NoDaLiDa 2023 - May 22-24, 2023
SESSION 10 - SPEECH TECHNOLOGY
Automatic Closed Captioning for Estonian Live Broadcasts
Tanel Alumäe, Joonas Kalda, Külliki Bode, Martin Kaitsa
Abstract
This paper describes a speech recognition based closed captioning system for Estonian language, primarily intended for the hard-of-hearing community. The system automatically identifies Estonian speech segments, converts speech to text using Kaldi-based TDNN-F models, and applies punctuation insertion and inverse text normalization. The word error rate of the system is 8.5% for television news programs and 13.4% for talk shows. The system is used by the Estonian Public Television for captioning live native language broadcasts and by the Estonian Parliament for captioning its live video feeds. Qualitative evaluation with the target audience showed that while the existence of closed captioning is crucial, the most important aspects that need to be improved are the ASR quality and better synchronization of the captions with the audio.

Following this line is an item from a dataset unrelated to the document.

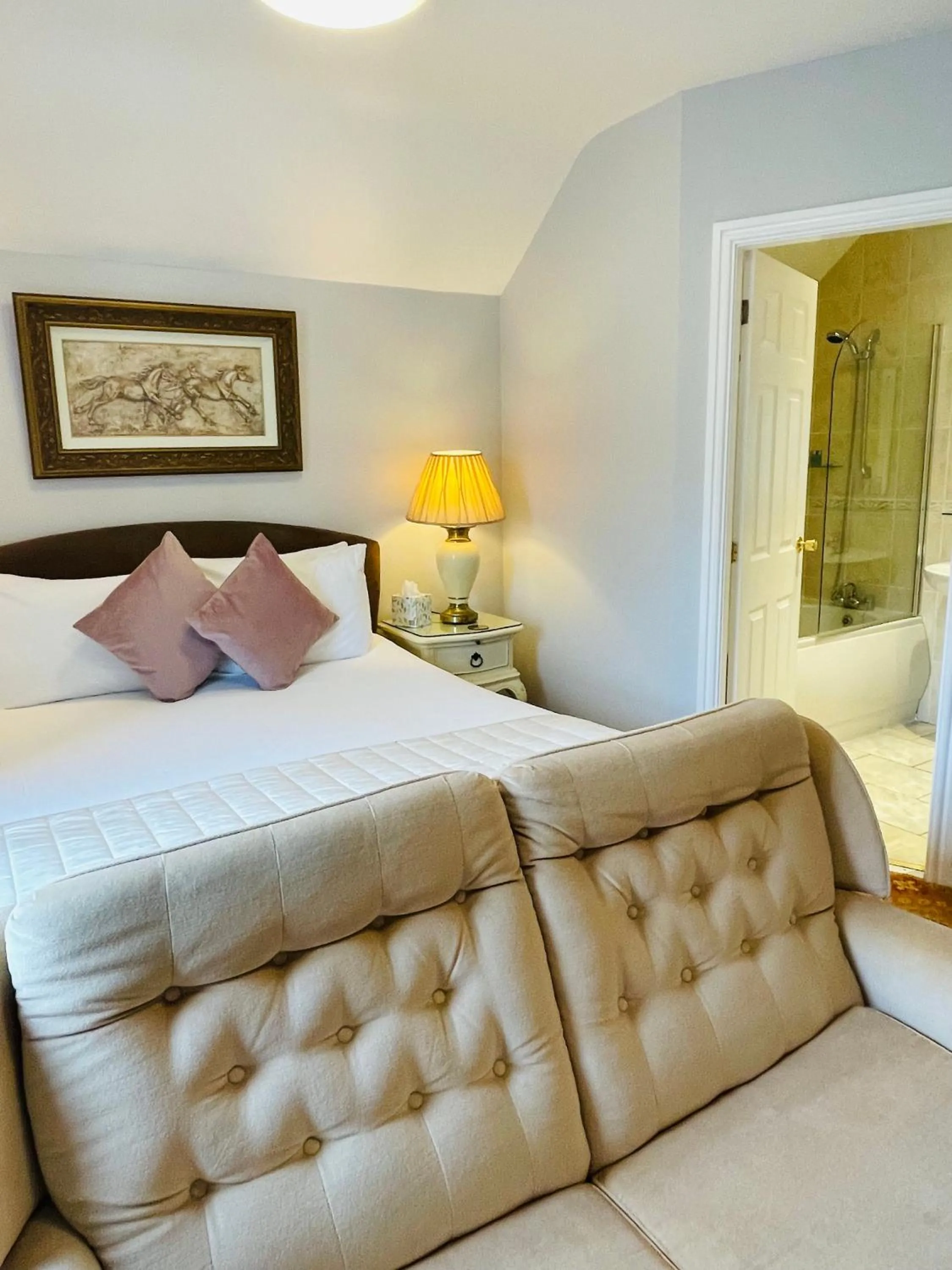 Double Room with Private Bathroom in Fairlight Guesthouse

A character-based analysis of impacts of dialects on end-to-end Norwegian ASR
Phoebe Parsons, Knut Kvale, Torbjørn Svendsen, Giampiero Salvi
Abstract
We present a method for analyzing character errors for use with character-based, end-to-end ASR systems, as used herein for investigating dialectal speech. As end-to-end systems are able to produce novel spellings, there exists a possibility that the spelling variants produced by these systems can capture phonological information beyond the intended target word. We therefore first introduce a way of guaranteeing that similar words and characters are paired during alignment, thus ensuring that any resulting analysis of character errors is founded on sound substitutions. Then, from such a careful character alignment, we find trends in system-generated spellings that align with known phonological features of Norwegian dialects, in particular, “r” and “l” confusability and voiceless stop lenition. Through this analysis, we demonstrate that cues from acoustic dialectal features can influence the output of an end-to-end ASR systems.
Improving Generalization of Norwegian ASR with Limited Linguistic Resources
Per Erik Solberg, Pablo Ortiz, Phoebe Parsons, Torbjørn Svendsen, Giampiero Salvi
Abstract
With large amounts of training data, it is possible to train ASR models that generalize well across speakers and domains. But how do you train robust models when there is a limited amount of available training data? In the experiments reported here, we fine-tuned a pre-trained wav2vec2 ASR model on two transcribed, Norwegian speech datasets, one with parliamentary speech and one with radio recordings, as well as on combinations of the two datasets. We subsequently tested these models on different test sets with planned and unplanned speech and with speakers of various dialects. Our results show that models trained on combinations of the two datasets generalize better to new data than the single-dataset models, even when the length of the training data is the same. Our lexical analysis sheds light on the type of mistakes made by the models and on the importance of consistent standardization when training combined models of this kind.
Boosting Norwegian Automatic Speech Recognition
Javier de la Rosa, Rolv-Arild Braaten, Per Egil Kummervold, Freddy Wetjen
Abstract
In this paper, we present several baselines for automatic speech recognition (ASR) models for the two official written languages in Norway: Bokmål and Nynorsk. We compare the performance of models of varying sizes and pre-training approaches on multiple Norwegian speech datasets. Additionally, we measure the performance of these models against previous state-of-the-art ASR models, as well as on out-of-domain datasets. We improve the state of the art on the Norwegian Parliamentary Speech Corpus (NPSC) from a word error rate (WER) of 17.10% to 7.60%, with models achieving 5.81% for Bokmål and 11.54% for Nynorsk. We also discuss the challenges and potential solutions for further improving ASR models for Norwegian.